BRIEF —
Please transcribe the listing below in full and word for word, without its pictures.
Top of DATA SHOWN
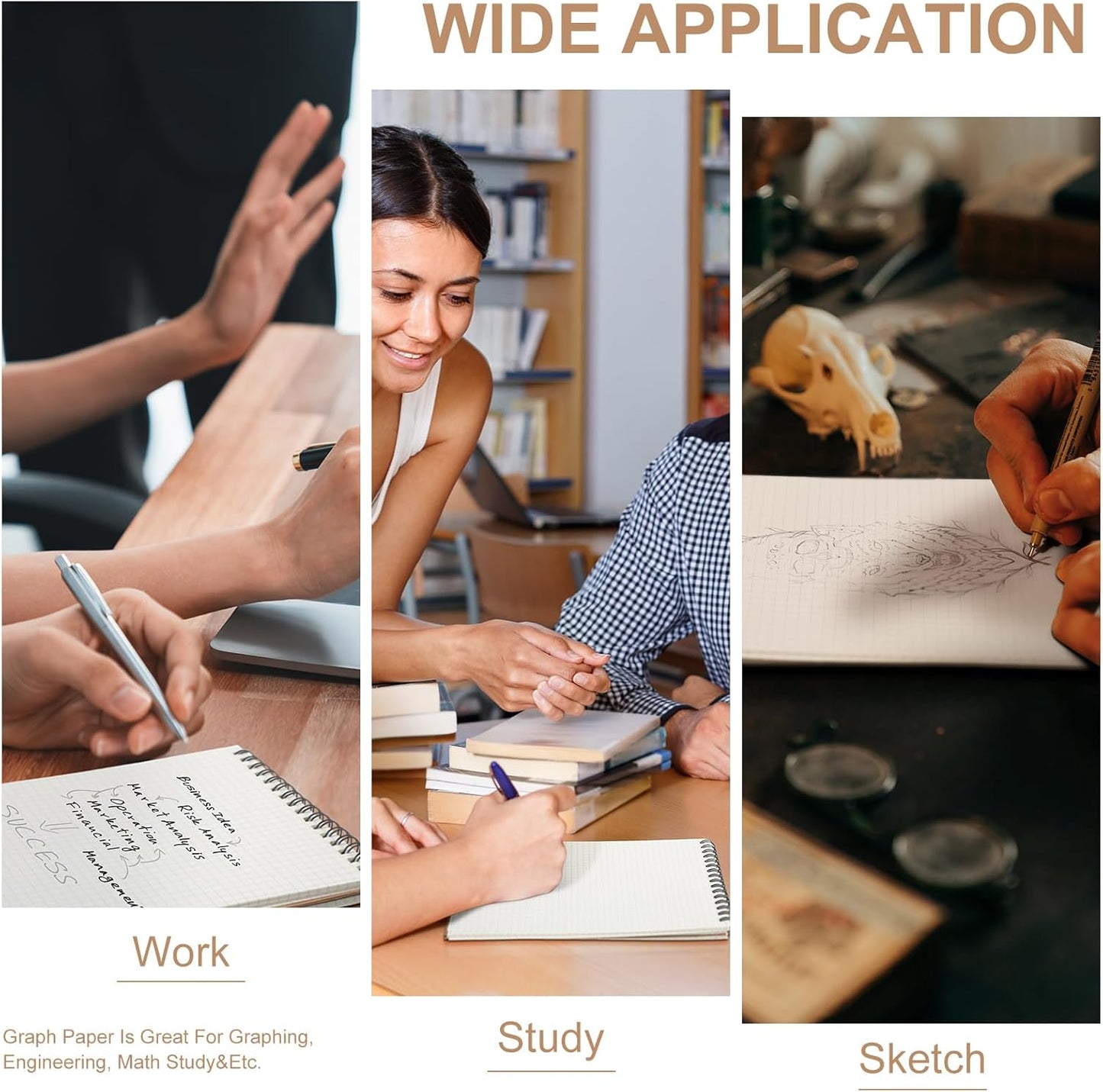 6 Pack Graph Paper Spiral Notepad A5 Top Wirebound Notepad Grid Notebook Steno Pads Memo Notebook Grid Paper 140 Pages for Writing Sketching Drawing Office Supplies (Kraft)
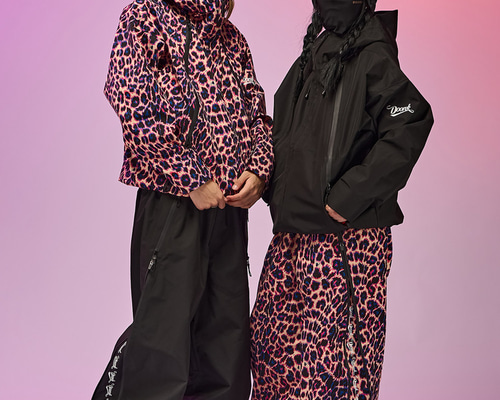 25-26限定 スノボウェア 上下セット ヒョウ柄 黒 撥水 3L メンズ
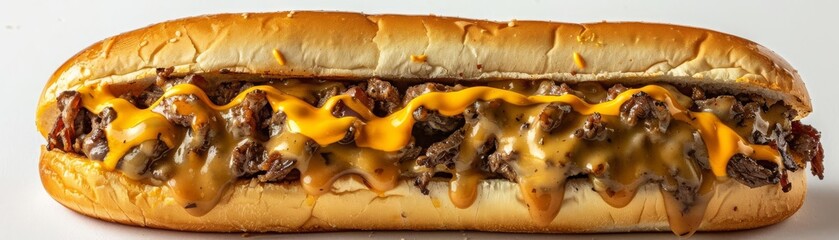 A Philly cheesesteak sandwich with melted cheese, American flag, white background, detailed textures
Bottom of DATA SHOWN
OUTPUT OF THE TASK —
 6 Pack Graph Paper Spiral Notepad A5 Top Wirebound Notepad Grid Notebook Steno Pads Memo Notebook Grid Paper 140 Pages for Writing Sketching Drawing Office Supplies (Kraft)
 25-26限定 スノボウェア 上下セット ヒョウ柄 黒 撥水 3L メンズ
 A Philly cheesesteak sandwich with melted cheese, American flag, white background, detailed textures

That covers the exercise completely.